If we conclude that God was not happy with this advice, we must inquire what was wrong with it. Was Yitro not correct in his assessment that eventually Moshe would collapse under the burden of the people if he continued to serve as the sole judge?
Below we shall attempt to show that with the failure of Yitro’s plan and in view of Moshe’s crisis, God sets forth His vision of leadership, which is the alternative to Yitro’s advice.
- “And I shall take of the spirit which is upon you and I shall place it upon them”
Yitro proposes that Moshe share the burden of leadership with others:
“And it shall be that every great matter they shall bring to you, but every small matter they shall judge, so it shall be easier for you, and they shall bear the burden with you.” (Shemot 18:22)
God, too, proposes that Moshe share the burden, using similar language:
“And I shall take of the spirit which is upon you, and put it upon them, and they shall bear with you the burden of the people, that you shall not bear it alone.” (Bamidbar 11:17)
Despite the seeming similarity, these are in fact two different perceptions of leadership. Yitro proposes a list of traits that should characterize the judges:
“Moreover, you shall provide out of all the people able men, such as fear God, men of truth, hating unjust gain…” (Shemot 18:21)
These are indeed all important personal and professional qualities that are required for a judge who deals in truth and justice. These qualities are essential for the establishment of a legal system that will maintain law and order. Within this system, Moshe is the “Supreme Court,” in the sense that he is the highest authority for interpretation of the law. When necessary, he is capable of addressing God, the Legislator, the Source of knowledge and justice, and asking Him to clarify His intention.
In the alternative system proposed by God, another element is introduced, changing the entire picture:
And the Lord said to Moshe, “Gather to Me seventy men of the elders of Israel, whom you know to be the elders of the people and officers over them, and bring them to the Tent of Meeting, that they may stand there with you. And I will come down and talk with you there, and I will take of the spirit which is upon you, and will put it upon them, and they shall bear the burden of the people with you, that you do not bear it yourself alone.” (Bamidbar 11:16-17)

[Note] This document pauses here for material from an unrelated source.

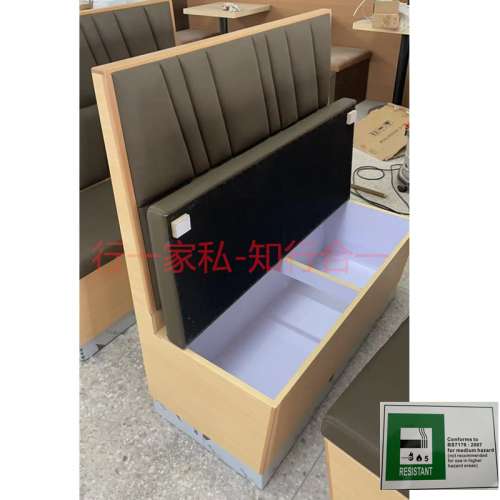 香港粥品餐厅卡位梳化，食肆枱櫈，配套柜子一手厂家配套订造，中港物流发货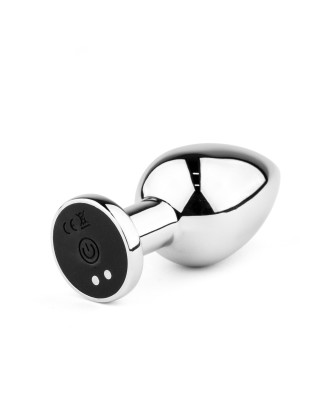 Metal Butt Plug L Vibrator USB - Remote Control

While Yitro focuses on the social order and the human need for authority so as to facilitate living together with others, God highlights the legal system as an element of the broader vision of the Divine Presence resting amongst the nation. For this reason, the appointment of the judges takes place near the Tent of Meeting, and as part of the inauguration ceremony the judges achieve the level of prophecy:
And the Lord descended in a cloud, and spoke to him, and took of the spirit that was upon him and gave it to the seventy elders, and it came to pass that when the spirit rested upon them, they prophesied, but did not continue. (Bamidbar 11:25)
The difference in the aims of these two different legal systems is explained by the Ran in his derashot:
It is well known that human beings need judges to judge between them, for otherwise “one man would swallow the other alive” (Avot 3:2), and the world would be corrupt. And every nation requires some sort of government… And Israel needs this just as the other nations do. But they also need [judges] for another reason, and that is to enforce the laws of the Torah and to punish those liable for corporal punishment, or for capital punishment at the hands of the beit din for violating the laws of the Torah, whether or not their violation is harmful to the social order… And the blessed God assigned each of these functions to a separate authority, commanding that judges be appointed to render judgment that is righteous and true, as it is written, “And they shall judge the people with righteous judgment” (Devarim 16:18)… This indicates that the purpose of their appointment is to judge the people with judgment that is righteous and true in and of itself, and their jurisdiction does not extend beyond this. But because the social order cannot suffice with this alone, God also provides for the appointment of a king…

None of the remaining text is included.